À Shenzhen, le 12 octobre 2020, le pays avait déjà initié un test grandeur nature sous la forme d’une loterie, afin d’évaluer les comportements de consommation des citoyens. Pensé pour promouvoir le yuan numérique, ce projet pilote avait alors distribué une valeur de 200 renminbi en yuan numérique aux candidats sélectionnés afin d’observer comment ils les dépenserait, et avec quelle facilité.
La saison 2 de cette loterie magique en monnaie virtuelle est arrivée. Elle aura cette fois-ci lieu dans la ville méridionale de Suzhou, qui compte 10 millions d’habitants, dans le contexte d’un grand événement de shopping. Le 12 décembre devrait en effet avoir lieu le “12/12”, une autre journée de soldes, similaire au 11/11 (où le pays bat tous les records de vente en 24h), mais dans une moindre mesure. En cette occasion, des bons d’achat en yuan numérique seront distribués aux personnes tirées au sort la veille du marathon commercial.
Reprenant le modèle de Shenzhen, la loterie invite les citoyens à s’inscrire via l’application officielle des services de la ville organisatrice. Les gagnants recevront ensuite leur lot : des paquets de 200 yuans, l’équivalent de 25 euros. Dans son communiqué à propos de l’événement, les autorités municipales de Suzhou ont déclaré qu’elles prévoyaient de distribuer un total de 20 millions de yuans (2,5 millions de dollars) aux résidents. L’argent pourra être dépensé sur la plateforme JD.com accepte désormais ce mode de règlement. Également cet argent pourra être envoyé directement à une autre personne via des smartphones équipés de NFC (Near Field Communication). Cette technologie permet aux téléphones de réaliser des transactions numériques sécurisées, comme sur le nouveau modèle de Huawei, qui permet de payer en yuan numérique.
La première plateforme de vente en ligne accepte la DCEP
JD.com, deuxième plus grand détaillant en ligne de Chine, deviendra le premier centre commercial virtuel du pays à utiliser le yuan numérique. Au mois de décembre, ce qui est considéré comme le plus gros centre commercial virtuel de Chine lancera un projet pilote afin de permettre à ses clients de payer certains articles en MNBC. Il s’était déjà distingué récemment en déployant une flotte de robots livreurs, pariant sur les nouvelles technologies.
L’Amazon chinois est ainsi la première plateforme à accepter l’argent virtuel. Celui-ci devra avoir été reçu en bon d’achat à travers le même système que celui de Suzhou. Cependant, on peut espérer une généralisation une fois les tests du pays terminés.
JD.com contribue ainsi à promouvoir le développement de l’économie numérique et réelle, en aidant la Banque populaire de Chine et les gouvernements locaux à réaliser leurs études grandeur nature des comportements des consommateurs, dans le cadre des tests sur le yuan numérique.
La DCEP marque cette fin d’année par les progrès incessants de la Chine sur son développement, tant dans son utilisation interne, qu’en tant que monnaie internationale.

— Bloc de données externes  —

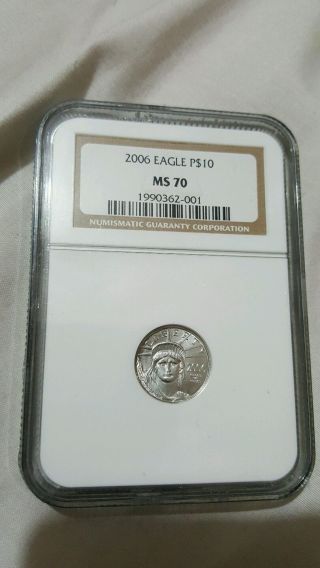 2006 Platinum American Eagle P$10 Ngc Ms70 photo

La nouvelle monnaie numérique du pays aurait jusqu’ici déjà été utilisée dans plus de quatre millions de transactions, pour une valeur totale d’environ 2 milliards de yuans (250 millions d’euros) selon le gouverneur de la Banque populaire de Chine, Yi Gang. Le nouveau partenaire que représente Hong Kong ne ferait qu’augmenter son utilisation, tout comme l’adoption graduelle de ce mode de paiement par le secteur privé augure une progression maintenue en 2021.